Barack Obama addresses joint session of Congress 2 24 09
Hold on, we’re paying them how much?

Congress is also appropriated money for personnel, office expenses, and mail allowances (as if we use that so much now).  Representatives have something called Members’ Representational Allowance (MRA).  It is used for travel, staff, office space, and supplies.  The MRA has decreased in recent years due to certain House resolutions, and the average allowance is now $1.24 million.  The personnel allowance of this amount is $944,671.  This is the amount each Representative can use to employ up to 18 people with the option of four more if they fall under a specific category (part-time, paid intern, temps, etc).  The remainder is used for office expenses and mail.  The overall budget for the House for MRAs’ is now at $573.9 million, which is actually down from the $660.0 million in 2010.  Too bad the Great Recession started in early 2008.

At the other end of the Capitol, the Senators’ Official Personnel and Office Expense Account (SOPOEA), is the Senators’ office and personnel expense fund.  The average for this account in the Senate is $3.2 million.  The overall budget for this expense is $396.2 million in 2012, down from $422.0 million in 2010.  This covers exactly what the account says-personnel and office expenses.

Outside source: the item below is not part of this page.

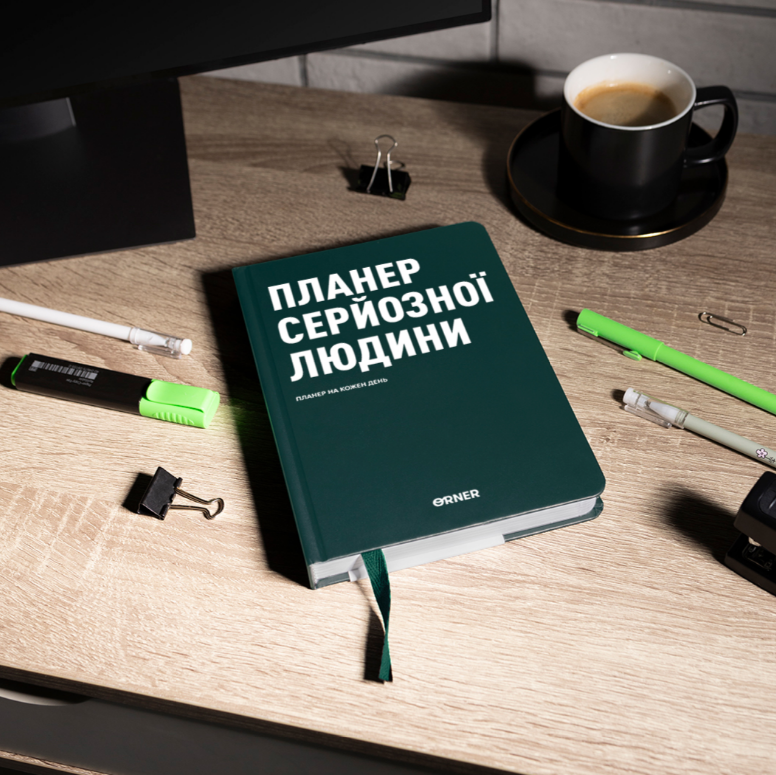 Планер-щоденник "Планер серйозної людини" темно-зелений, orner-2241 9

Along with the SOPOEA, Senators have an interesting perk with office space.  They can have office space in a federal building in the state they represent.  The office can be up to 5,000 sq ft if the state’s population is less than 3 million, and up to 8,200 in a state with a population of over 17 million.  In addition, they can have as many offices as they want; there is no restriction.  Senators also get $40,000 to furnish their state offices up to 5,000 sq ft.

Is your head swirling yet?  It should be.  But wait, there’s more.  Let’s take a look at a few non-elected positions and what they get paid.  In the House: Chief Administrative Officer, Clerk of the House, Sargeant at Arms, Chaplain, Legislative Counsel, Law Revision Counsel, Parliamentarian, Inspector General, Interparliamentary Affairs Director, and General Counsel to the House – $172,500.  In the Senate: Secretary of the Senate, Sergeant at Arms and Doorkeeper, Legislative Counsel, Legal Counsel – $172,500, Parliamentarian – $171,315, and Chaplain – $155,500 (Not sure why the House Chaplain gets paid more.  I guess they’re more rowdy over there).

800px United States Capitol west front edit2
Where all the magic happens

So after all that is said and done, what do you think?  Do we pay our Congress too much, or too little?  I don’t think they do a poor job because of the pay.  But what if they’re just struggling to make ends meet like the rest of us.  That’s enough stress to show up in poor job performance.  Oh, I forgot to tell you one last tidbit of information.  The average net worth for members of Congress?  $1.01 million (House – $900,000  Senate – $2.79 million).  Strike out there.

Obviously money is not why Congress is so “bad”, but remembering how much we pay them helps when we want to complain.  Shouldn’t we expect better performance in everything a Congress member does, and shouldn’t they be held to a higher standard?  You bet.  We pay them a lot of money so we should always expect the best.  But who is ultimately to blame for their poor performance?  Unfortunately, we are.  We’re the ones who elected them to office.